Motivò, inoltre, che eventuali irregolarità riguardanti la notifica dell’atto impositivo dovevano intendersi sanate, stante la tempestiva proposizione del ricorso, e che il calcolo delle sanzioni era corretto, anche se l’Ufficio aveva riconosciuto errori materiali, di non rilevante entità, che dovevano essere emendati in sede di recupero a tassazione.

3. La società contribuente ed i soci hanno proposto ricorso per cassazione, con quattordici motivi, cui resiste l’Agenzia delle entrate mediante controricorso.

4. In data 7 giugno 2019 le parti contribuenti, dichiarando di volersi avvalere della definizione agevolata delle liti di cui al D.L. n. 119 del 2018, art. 6 hanno depositato istanza di sospensione del processo.

In data 18 dicembre 2020 l’Agenzia delle entrate ha depositato istanza di trattazione, ai sensi del D.L. n. 119 del 2018, art. 6, comma 13, chiedendo la declaratoria di estinzione del giudizio per cessata materia del contendere, con compensazione delle spese di lite, limitatamente al giudizio concernente le posizioni della società Gambrinus di Z.A. & C. s.a.s. e dei soci Z.L.G. e Za.Ma.Ro. e del socio Z.A. per l’anno 2005, e la prosecuzione del giudizio con riguardo all’impugnazione dell’avviso di accertamento notificato a Z.A. per l’anno d’imposta 2004.

Diritto

CONSIDERATO

CHE:

1. Con il primo motivo di ricorso i contribuenti hanno dedotto, in relazione all’art. 360 c.p.c., comma 1, n. 5, l’omessa e contraddittoria motivazione circa un fatto decisivo per il giudizio, lamentando che i giudici di appello avrebbero erroneamente ritenuto che l’eccezione di carenza di firma del responsabile dell’Ufficio, relativamente agli avvisi di accertamento per l’annualità 2005, non fosse stata formulata tempestivamente.

2. Con il secondo motivo, censurando la decisione gravata per violazione e falsa applicazione del D.P.R. n. 600 del 1973, art. 61 i ricorrenti deducono che i giudici di secondo grado, mal interpretando la disposizione normativa richiamata, hanno inteso sostenere che l’eccezione di nullità dovesse essere proposta, a pena di nullità, nel ricorso introduttivo del giudizio, non tenendo conto che in realtà l’eccezione poteva essere fatta valere nel corso di tutto il primo grado di giudizio.

3. Con il terzo motivo di ricorso, rubricato “art. 360 c.p.c., n. 5. Omessa, insufficiente e contraddittoria motivazione in ordine alla ricostruzione induttiva dei ricavi proposta dall’Ufficio di Treviso.

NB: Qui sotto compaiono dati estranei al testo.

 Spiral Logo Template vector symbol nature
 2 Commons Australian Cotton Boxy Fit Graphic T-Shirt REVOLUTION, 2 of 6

Le eccezioni della società ricorrente, ignorate dalla Commissione tributaria regionale, dimostrano l’erroneità dei risultati ottenuti dai verificatori”, le parti ricorrenti sostengono, con riferimento al periodo d’imposta 2004, che l’Ufficio ha adottato una metodologia di ricostruzione induttiva dei ricavi che è giunta a contestare l’evasione della somma di Euro 622.256,41, ottenuta attraverso un meccanismo di calcolo basato su convinzioni personali dell’Ufficio, prive di riscontro nella realtà aziendale e smentite dalle istruzioni del Ministero delle Finanze.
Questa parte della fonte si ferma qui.